The two popular British authors are being considered for canonization.
According to the USCCB, canonized saints in the Catholic Church are holy men and women, “role models held up as witnesses to Christ and the Gospel as worthy of our emulation.”
Currently two of the most popular literary figures in recent history are being considered for this special designation: J.R.R. Tolkien and G.K. Chesterton. Will either of them be declared a saint one day?
The cause for canonization of G.K. Chesterton has not been officially opened, but has made considerable progress in the past few months. According to Dale Ahlquist, president of the American Chesterton Society, “the Bishop of Northampton, England, Peter Doyle, appointed a priest, Fr. John Udris, to be the investigator for Chesterton’s potential. Father Udris is completing his report to the Bishop within the next month [in July 2018], and the Bishop is expected to approach the Congregation for Saints in Rome to officially open the Cause for Beatification. If that happens, Chesterton would be declared a Servant of God, and a postulator would be appointed.”

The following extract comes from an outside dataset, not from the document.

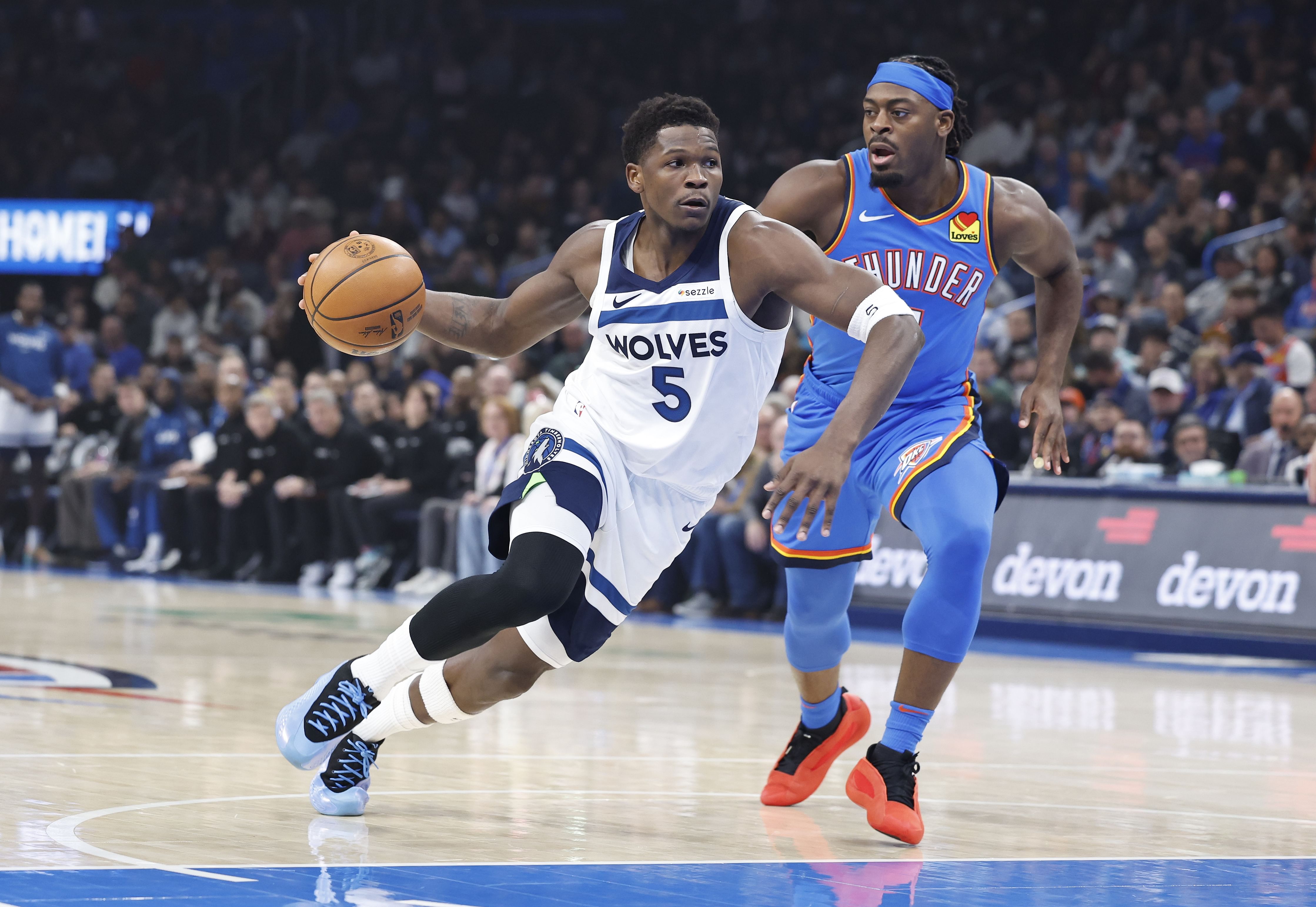 Minnesota Timberwolves guard Anthony Edwards drives to the basket beside OKC Thunder guard Luguentz Dort at Paycom Center. Photo Credit: Imagn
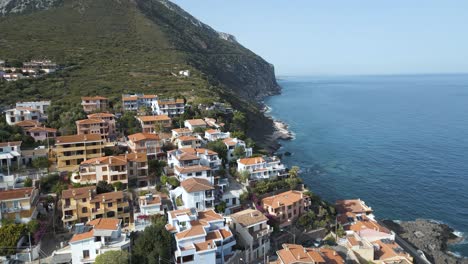 Hermosa-Ciudad-Costera-De-Cala-Gonone,-Casas-Situadas-En-Un-Acantilado-Con-Vista-Al-Océano-En-Italia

In the case of J.R.R. Tolkien, an Italian priest, Fr. Daniele Pietro Ercoli, contacted the archbishop of Birmingham, England about the cause. His response was supportive and he wrote to Ercoli, “I am pleased to encourage you in seeking to inform people more widely about J.R.R. Tolkien’s Catholic faith and the influence that he this had on his writing and on his life … I would suggest that it is open to you to compose a prayer to be distributed for private and personal use and, if a cause is one day opened, then we can draft an appropriate prayer.” Since this letter a prayer for private use has been composed for his cause.
Earlier this year a “Canonization Conference” was being promoted for September 1-2, 2018 in Oxford with the hopes that it could jumpstart interest in the cause. Additionally, on September 2, 2017 a special Mass was “held at the Oxford Oratory to mark the anniversary of the death” of Tolkien, “the Mass was offered, however, not for the repose of Tolkien’s soul – but rather praying for his Cause for Beatification to be opened … The Mass itself was fittingly celebrated in Tolkien’s old parish church (dedicated to St. Aloysius) with his granddaughter among the congregation.”
In both cases, if either cause advances to the Vatican their public writings will be analyzed to determine if they wrote anything contrary to faith and morals. A biography is assembled during this process, and those involved take note of the practice of virtue in the life of the individual.
The key to the consideration of each cause is to determine if the individual lead a life of “heroic” virtue. This refers to the person’s ability to overcome sinful tendencies and temptations. They don’t have to be free from sin to be considered a saint, but to strive daily in the pursuit of virtue.
Will they ever be declared saints? Only time will tell.